ImperialRussia discusses his wares with potential and previous buyers.

ImperialRussia discusses his wares with potential and previous buyers.

More than 1.8 million people were victims of medical ID theft in 2013, according to a report from the Ponemon Institute, an independent research group. I suspect that many of these folks had their medical records stolen and used to open new lines of credit in their names, or to conduct tax refund fraud with the Internal Revenue Service (IRS).

Placing a fraud alert or freeze on your credit file is a great way to block identity thieves from hijacking your good name. For pointers on how to do that, as well as other tips on how to avoid becoming a victim of ID theft, check out this story.


41 thoughts on “Medical Records For Sale in Underground Stolen From Texas Life Insurance Firm

  1. NotMe

    Sadly if you use a local agent your data is only as secure as the local insurance agents office computer. Having worked on a few I can tell that your information is not safe at all. You are better off applying on the main companies website than trusting your PII to a local guy with a laptop.

    These agents think nothing of asking you to email your SSN to them.

  2. Bruce Hobbs

    You refer to “medical ID theft” which wouldn’t apply here. To me, medical ID theft is stealing medical insurance information (not life insurance information) so that a duplicate medical identification card can be made and the scammer can then receive medical treatment under the victim’s health insurance policy. Depending on the insurance policy, the victim may not notice the fraud for some time. This is completely different than opening a credit account in the victim’s name, which is good old identity theft.

    1. BrianKrebs Post author

      Well, I’m far from an expert in medical ID theft, to be sure, but there seems to me enough information in each of these documents to be able to counterfeit a health insurance card if that’s all it takes.

      1. Rees

        I suspect medical information is most useful to Medicare scammers who submit fraudulent billings for services that weren’t delivered.

      2. Bruce Hobbs

        To prepare a duplicate medical insurance card, you need the name of the carrier, the group number and the individual’s account number (which hopefully is no longer the Social Security Number). If that medical information is in the life insurance data, then, yes, medical insurance cards can be created.

        Note that the security on a medical insurance card compared to a credit card is nonexistent. However, you typically need identification with the medical card so a driver’s license or something similar would also need to be produced.

        1. NotSA

          The duplicate you is used to dupe others and ply the Medicaid fraud trade. If caught, the real you will need a lawyer to prove you are the real you and didn’t do the crime. In war the onus of guilt is reversed. You need to prove you are innocent. They don’t need to prove you are guilty. People doing time promotes overtime for corrections workers who happen to be sitting on bad mortgages and other debt you can help pay off sitting in the cooler. This is the US suicide economy. You’ll be in jail and out shopping at Home Depot at the same time.

          “Corporations are neither physical nor metaphysical phenomena. They are socioeconomic ploys — legally enacted game-playing — agreed upon only between overwhelmingly powerful socioeconomic individuals and by them imposed upon human society and its all unwitting members.” Gruch of Giants

        2. timeless

          In Canada, the SIN (roughly equivalent to the US SSN) is the verification key for most financial records.

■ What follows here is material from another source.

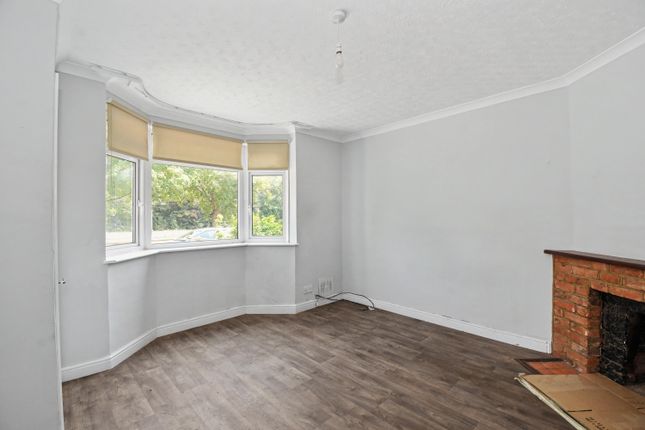 146 Denham Way, Rickmansworth photo 4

          If you can guess / figure out someone’s employer, you can often guess their insurer / retirement provider, and with the information Brian described it’d be trivial to get them to tell you the account numbers.

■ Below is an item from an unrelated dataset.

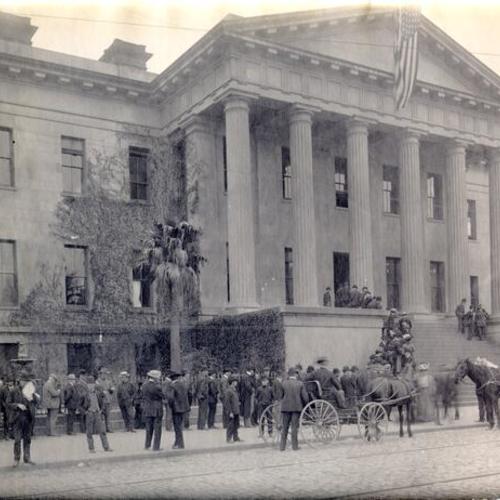 [Line of people waiting to cash in at old Mint building at Fifth and Mission street on first day of operation]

          I’d expect the same behavior in the US.

  3. Anonymous

    Are there any laws on the books that protect consumers or fine companies that fail to protect their customers vital information?

    1. Dave B.

      What does it matter? The law only applies if the company gets caught violating it, which usually only happens after a breach, after the damage to the consumer has been done. And fines in no way benefit the consumer, they just put more money in the governments pocket.

      1. Anonymous

        If punative fines were large enough it could act as a deterrent.

        1. Dave B.

          I’d disagree. Look at Target, any forthcoming fines aside they knew a data breach would be a PR nightmare and a loss of sales, yet they ignored their security system and let it happen. I don’t see the threat of larger fines as a deterrent.

          1. SeymourB

            The problem with government fines is they were written for much smaller entities. With todays massive corporations, the fines either need to be increased or tied to the size of the company. When you’re a massive corporation, you get a massive fine – when you’re a small business, you get a smaller fine. The problem is that the massive businesses get small business sized fines and they’re laughed off as a cost of doing business.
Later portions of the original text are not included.